Эти агломераты по краям Майдана напоминают агломераты на другого рода границе — на берегу Баренцева моря. Туда течение и прибои выносят предметы со всего мира и превращают этот пустынный берег в скопище отбросов цивилизации, в ее изнанку, характеризующую сегодняшний мир не хуже его лицевой стороны: городов с их улицами, офисами и торговыми центрами. Однако баррикады Киева — следы не безличной природы, а человеческого желания.

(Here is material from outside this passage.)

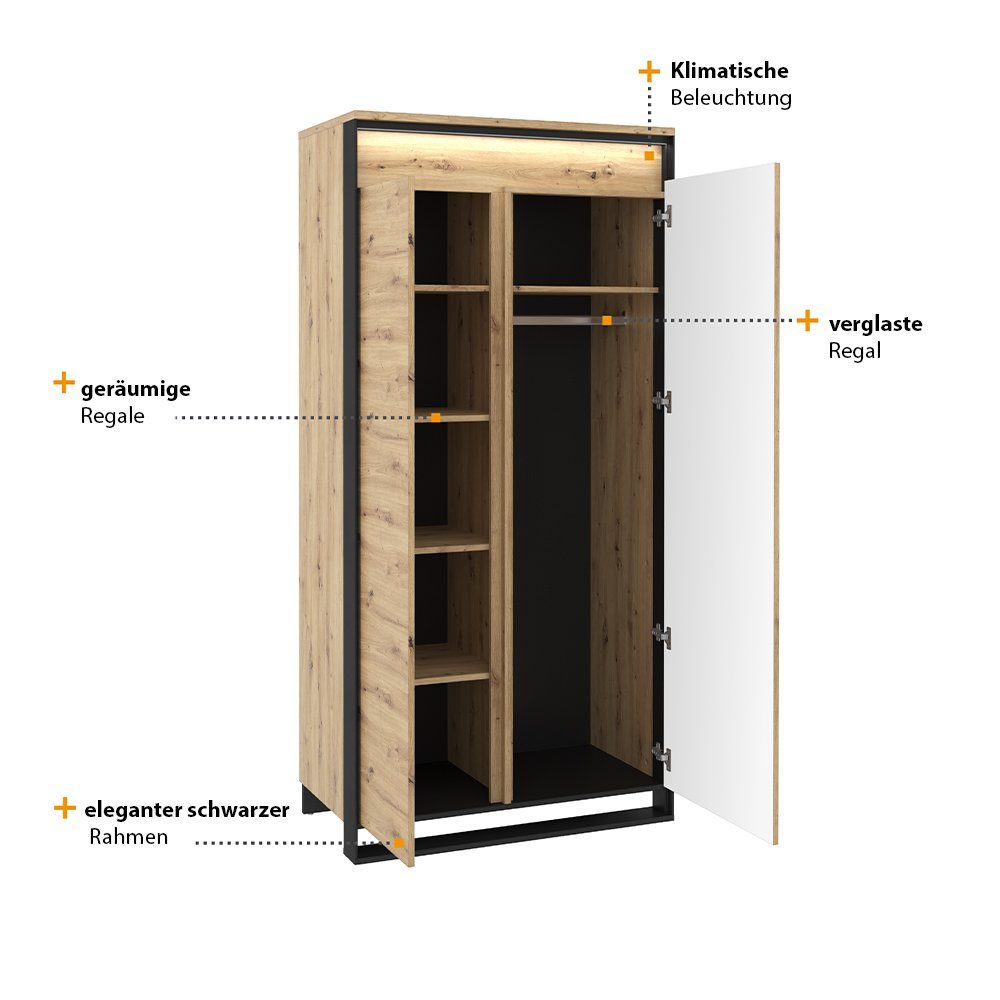 Compleo Kleiderschrank LIMA Push to open Funktion, LED-Beleuchtung, 2-Drehtüren – Bild 4 von 5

Фредерик Джеймисон показывал связь утопий, присущих той или иной эпохе, со структурой и составляющими элементами ее настоящего: в утопии осуществляется пересборка в лучшей конфигурации тех отношений и реалий, что даны людям в их повседневности. Баррикады, заснятые в «Пределах Европы», — хорошая иллюстрация этого тезиса. Это продукт множества воль, множества стремлений к реорганизации существующего; никакая иная — например, словесная — артикуляция не заменит эти следы практического действия и страсти на вещественном материале города Киева.
Автор подробно всматривается и архивирует эти следы, разгадать и прочесть которые до конца невозможно. В такой архивации и завороженном всматривании есть оттенок меланхолии: баррикады показаны уже опустевшими декорациями революционного действия, его уже оставленными продуктами, словно констатируя угасание коллективного порыва революции.